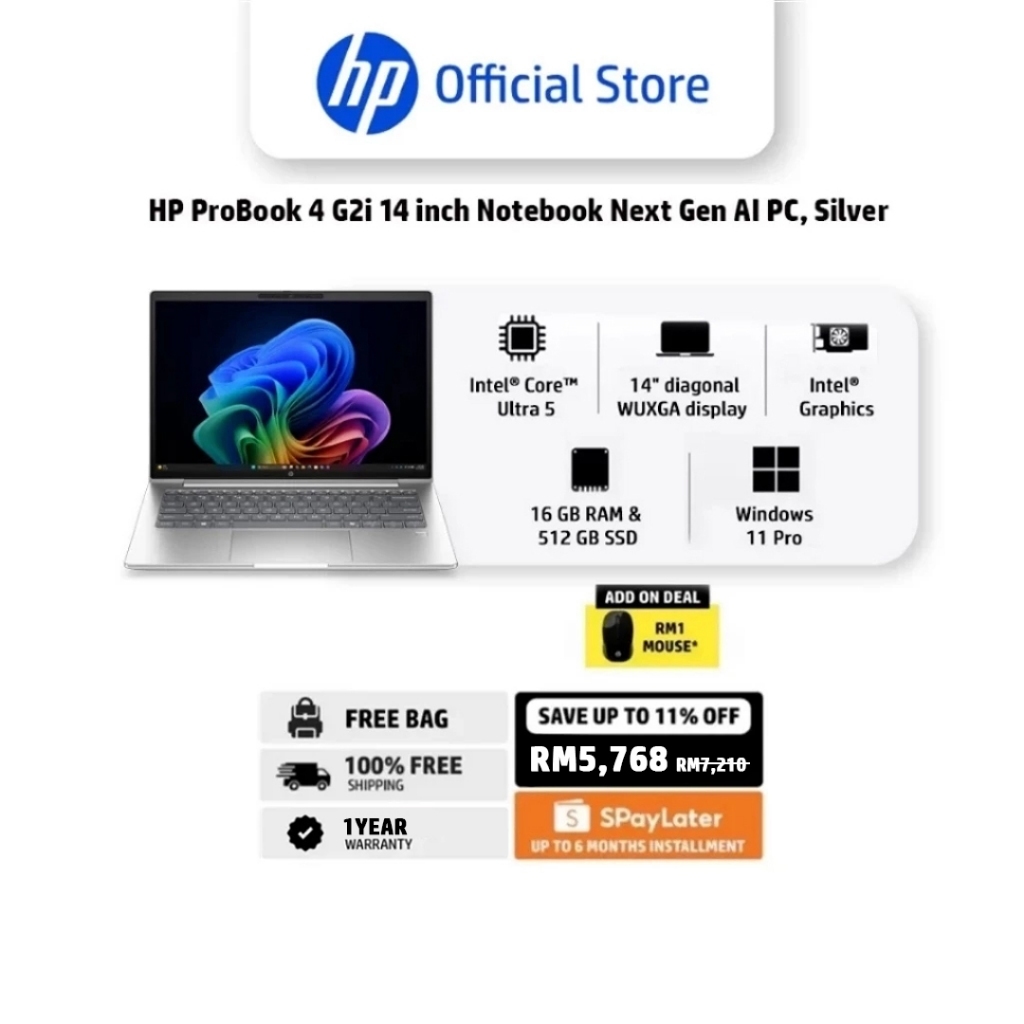 HP ProBook 4 G2i 14 inch Notebook Next Gen AI PC, Silver | Intel Core ...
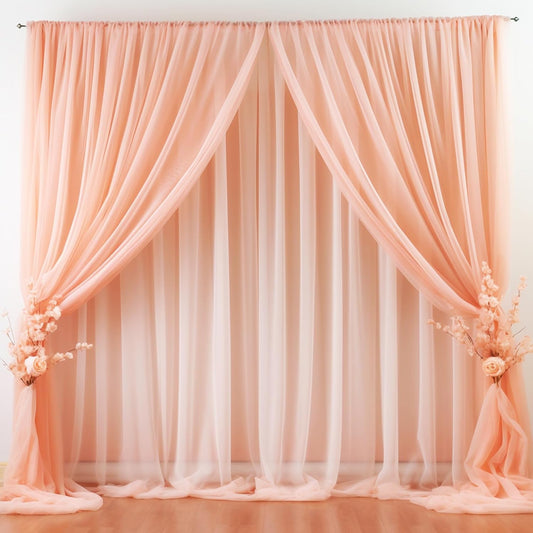 20ft X 10ft Peach Tulle Backdrop Curtain for Parites, Sheer Backdrop Curtains Fabric Drapes for Wedding Ceremony Arch Party Stage Decorations
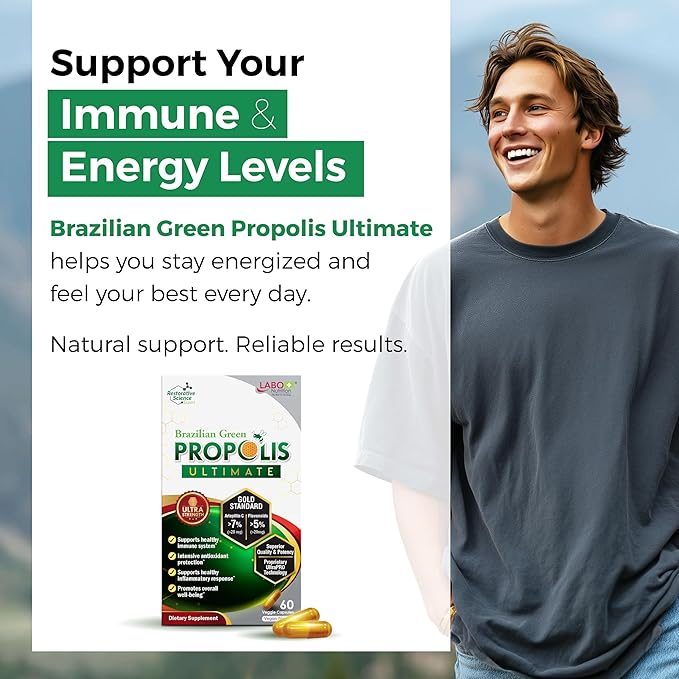 LABO Nutrition Brazilian Green Propolis Ultimate – Propolis Extract with 28mg Artepillin C and 5% Flavonoids Natural Bee Supplement for Immune Brain Support High Concentrate Propolis 60 Veg Capsx3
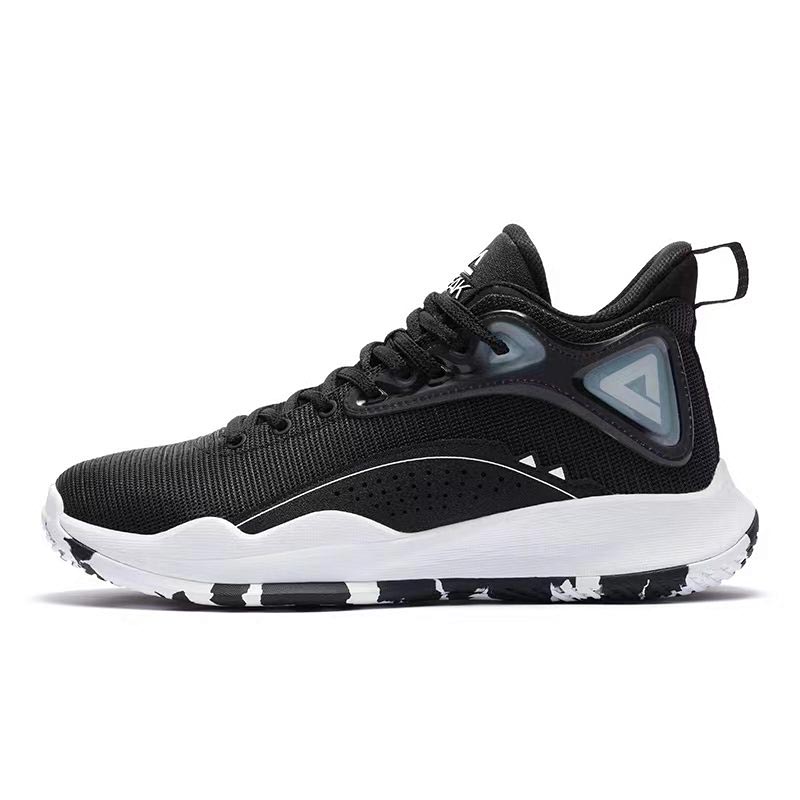 PEAK Cavalry 2 Textile, Synthetic Leather Cushioning, Wear Resistant Mid top Basketball Shoes Men’s Black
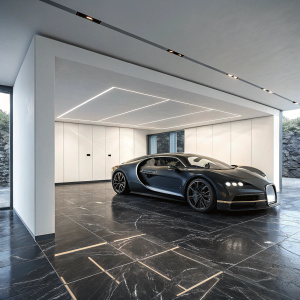 A Bugatti Chiron parked in a modern garage with minimalistic design. Dark marble floor and clean white walls.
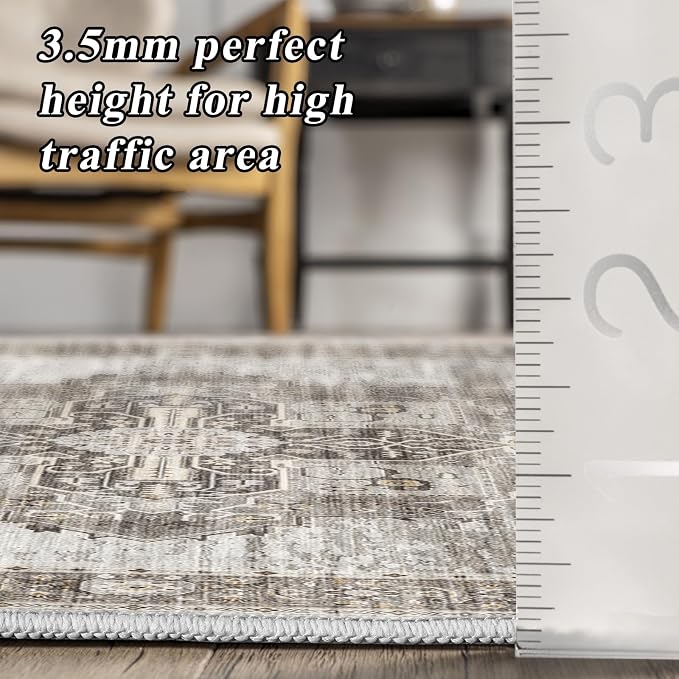 RUUGME Rug Runners 3x10 - Washable Hallway Rugs for Living Room Soft Stain Resistant Carpet for Bedroom Kitchen Bathroom with Non Slip Backing Home Decor Floor Decoration Mat 3x10 Grey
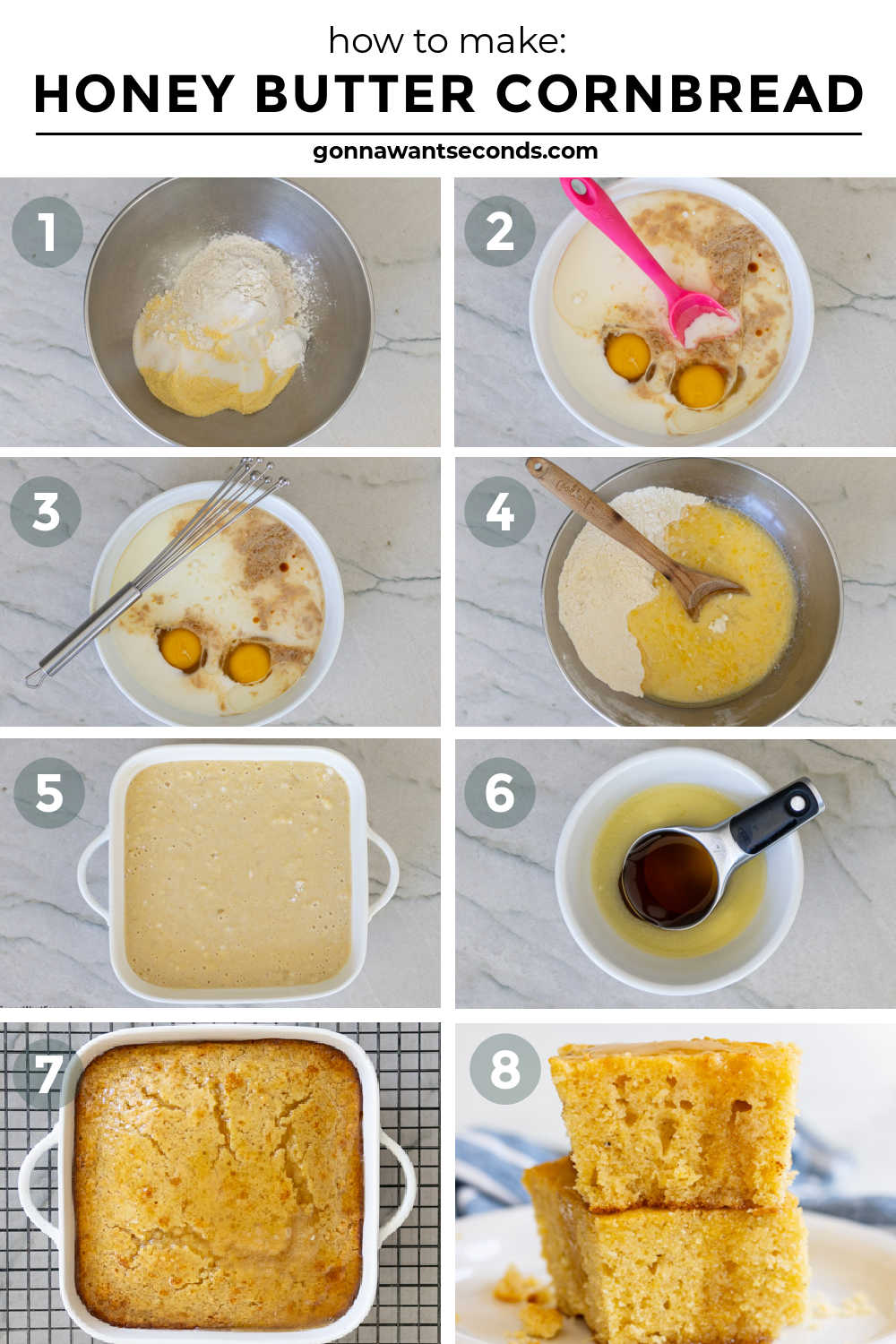 Step by step how to make honey butter cornbread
_ _ _ _ _ _ _
Description of the task: Restate the listing above word for word, and skip the pictures.

Answer section:
 HP ProBook 4 G2i 14 inch Notebook Next Gen AI PC, Silver | Intel Core ...
 20ft X 10ft Peach Tulle Backdrop Curtain for Parites, Sheer Backdrop Curtains Fabric Drapes for Wedding Ceremony Arch Party Stage Decorations
 LABO Nutrition Brazilian Green Propolis Ultimate – Propolis Extract with 28mg Artepillin C and 5% Flavonoids Natural Bee Supplement for Immune Brain Support High Concentrate Propolis 60 Veg Capsx3
 PEAK Cavalry 2 Textile, Synthetic Leather Cushioning, Wear Resistant Mid top Basketball Shoes Men’s Black
 A Bugatti Chiron parked in a modern garage with minimalistic design. Dark marble floor and clean white walls.
 RUUGME Rug Runners 3x10 - Washable Hallway Rugs for Living Room Soft Stain Resistant Carpet for Bedroom Kitchen Bathroom with Non Slip Backing Home Decor Floor Decoration Mat 3x10 Grey
 Step by step how to make honey butter cornbread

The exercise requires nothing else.